Visiting Beijing in August, Malaysian Prime Minister Mahathir Mohamad startled his hosts by boldly warning against a “new version of colonialism.”
He was referring to China’s Belt and Road Initiative, the trillion-dollar infrastructure plan that aims to put the People’s Republic of China at the heart of a global commercial web.
Mahathir’s invocation of colonialism could only have wounded leaders in Beijing, for the Chinese nation state has built its self-image on anti-colonialist rhetoric.
In its official historical narrative of its “century of humiliation,” devious Westerners imposed blatantly unequal treaties on China, cruelly curtailing its sovereignty. Japan then subjected the country to savage invasions and harsh exploitation, turning large parts of China into a Japanese colony.
Quite consciously, Chinese President Xi Jinping (習近平) has presented the Belt and Road as the opposite — a noble attempt to create a “community with a shared future for mankind.”
However, from Malaysia to Montenegro, unsustainable debt and rising trade deficits have provoked fears that China is acquiring, in colonialist style, too much power over remote foreign treasuries and the domestic politics of many countries.
Sri Lanka, for instance, is plunging deeper into debt due to the high interest rates on Chinese loans taken by the previous regime of former Sri Lankan president Mahinda Rajapaksa, in part to build a port with Chinese help and for Chinese use.
In Malaysia, China is “pouring in too much money, which we cannot afford, cannot repay,” Mahathir said in Beijing.
Those deals were signed by Mahathir’s scandal-tainted predecessor, former Malaysian prime minister Najib Razak, who grew closer to China as he faced more pressure over allegations of corruption at home.
Mahathir is prone to spin conspiracy theories. At the same time, the 93-year-old did personally witness not only the subjugation of his country by the British, but its occupation by the Japanese from 1943 to 1945. On this occasion, the Malaysian leader has a historically well-grounded suspicion of how insidiously colonialism sprouts in both its Eastern and Western variants.
Mahathir himself once pointed out how during Western dominance over Asia “our economies were structured to serve the European demand for raw materials and natural resources.”
Financial manipulation was another means of structural readjustment, as in late 19th-century Egypt, where the government had undertaken massive infrastructural projects underwritten by Western bankers.
The British first leveraged Egyptian debt to reorient the country’s economic policy for the benefit of Western investors.

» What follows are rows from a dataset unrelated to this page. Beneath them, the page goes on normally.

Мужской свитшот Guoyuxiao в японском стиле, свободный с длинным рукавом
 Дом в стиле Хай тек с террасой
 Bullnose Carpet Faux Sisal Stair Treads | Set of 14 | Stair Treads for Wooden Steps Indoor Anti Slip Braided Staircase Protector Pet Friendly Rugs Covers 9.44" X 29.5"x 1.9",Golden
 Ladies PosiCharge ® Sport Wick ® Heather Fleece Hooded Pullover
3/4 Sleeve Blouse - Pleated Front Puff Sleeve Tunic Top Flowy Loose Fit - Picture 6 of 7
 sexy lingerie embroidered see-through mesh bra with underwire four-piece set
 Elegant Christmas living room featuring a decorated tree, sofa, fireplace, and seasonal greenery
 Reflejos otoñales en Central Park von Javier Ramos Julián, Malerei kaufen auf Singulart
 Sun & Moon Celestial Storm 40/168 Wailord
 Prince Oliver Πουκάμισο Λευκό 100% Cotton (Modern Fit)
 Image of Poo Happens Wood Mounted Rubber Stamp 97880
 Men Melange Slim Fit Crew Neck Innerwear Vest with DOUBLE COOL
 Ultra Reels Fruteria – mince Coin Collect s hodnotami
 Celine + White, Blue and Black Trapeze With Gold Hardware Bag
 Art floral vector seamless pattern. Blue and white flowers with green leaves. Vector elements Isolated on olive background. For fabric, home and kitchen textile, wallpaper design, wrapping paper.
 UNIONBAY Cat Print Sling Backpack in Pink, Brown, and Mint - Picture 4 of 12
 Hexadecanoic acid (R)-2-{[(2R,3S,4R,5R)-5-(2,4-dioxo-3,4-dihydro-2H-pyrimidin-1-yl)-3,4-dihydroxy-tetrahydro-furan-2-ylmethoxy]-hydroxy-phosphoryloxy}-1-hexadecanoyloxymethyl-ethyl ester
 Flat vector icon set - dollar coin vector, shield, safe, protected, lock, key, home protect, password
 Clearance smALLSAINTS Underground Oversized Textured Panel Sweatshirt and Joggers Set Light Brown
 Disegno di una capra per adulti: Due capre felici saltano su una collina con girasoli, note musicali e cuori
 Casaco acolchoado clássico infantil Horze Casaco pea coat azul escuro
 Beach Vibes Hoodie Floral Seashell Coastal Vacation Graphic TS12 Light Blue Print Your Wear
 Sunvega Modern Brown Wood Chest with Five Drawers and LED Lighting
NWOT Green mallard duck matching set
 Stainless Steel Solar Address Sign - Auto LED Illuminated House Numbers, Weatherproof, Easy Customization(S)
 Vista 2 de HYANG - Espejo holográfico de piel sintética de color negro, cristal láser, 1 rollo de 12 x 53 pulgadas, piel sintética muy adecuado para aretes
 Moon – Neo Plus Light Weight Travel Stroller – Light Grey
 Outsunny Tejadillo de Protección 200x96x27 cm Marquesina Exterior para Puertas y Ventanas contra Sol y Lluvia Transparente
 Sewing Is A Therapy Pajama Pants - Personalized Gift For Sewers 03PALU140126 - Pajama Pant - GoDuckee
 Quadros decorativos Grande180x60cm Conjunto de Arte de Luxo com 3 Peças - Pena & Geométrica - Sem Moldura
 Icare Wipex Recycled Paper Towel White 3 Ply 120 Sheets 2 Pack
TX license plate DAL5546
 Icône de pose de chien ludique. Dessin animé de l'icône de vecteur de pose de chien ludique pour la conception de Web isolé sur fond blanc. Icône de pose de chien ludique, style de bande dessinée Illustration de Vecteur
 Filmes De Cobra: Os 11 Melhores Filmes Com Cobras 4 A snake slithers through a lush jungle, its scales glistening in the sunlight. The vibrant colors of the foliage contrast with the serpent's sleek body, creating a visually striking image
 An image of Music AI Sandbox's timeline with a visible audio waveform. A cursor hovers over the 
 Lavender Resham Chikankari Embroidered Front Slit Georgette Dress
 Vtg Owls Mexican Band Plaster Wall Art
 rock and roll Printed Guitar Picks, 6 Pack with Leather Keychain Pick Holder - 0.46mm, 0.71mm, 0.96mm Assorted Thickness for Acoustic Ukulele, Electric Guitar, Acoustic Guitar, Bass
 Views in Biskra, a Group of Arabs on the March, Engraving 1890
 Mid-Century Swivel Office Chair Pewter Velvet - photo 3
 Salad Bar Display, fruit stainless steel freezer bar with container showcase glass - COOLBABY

And then, faced with local opposition, they eventually occupied the country.
The British also moved elsewhere, most famously in India, from being traders and investors to being colonialists.
However, for East Asians, it is Japan that offers the most sobering tale of how commercial interests aimed at general uplift can very quickly turn malignant.
Forced out of its isolation by Western powers in the mid-19th century, Japan did not set out to be a colonialist power.
However, it had wanted to accumulate “wealth and military power,” and Japanese politicians and thinkers convinced themselves that this required guaranteed access to the markets and resources of Asia.
This turned out to be only one step away from entrenching Japan’s interests militarily and economically in Taiwan, China and South Korea.
Even countries as far away as Indonesia were victimized by Japan’s economic self-seeking.
The Japanese arrived in Mahathir’s country after 1905 as investors in rubber and iron. By the 1930s, the Japanese came to see the Malay Peninsula with its commodities and markets as indispensable to their empowerment, and they disguised their self-interest with soothing rhetoric about creating a “Greater East Asia Co-Prosperity Sphere.”
Military occupation duly followed in 1943 as the Japanese felt that their web of commercial interests was imperiled.
With violent coercion and brutal exploitation becoming the rule from Japan-occupied Singapore to then-Burma, the idea of “co-prosperity” came to be seen as a sick joke across East Asia.
Mahathir has not forgotten this history of inadvertent colonialism.
To his ears, China’s proposed “community with a shared future for mankind” probably sounds an awful lot like Japan’s “co-prosperity sphere.”
Chinese leaders would do well to heed an old and experienced man’s warning.
Pankaj Mishra is a Bloomberg Opinion columnist and the author of several books.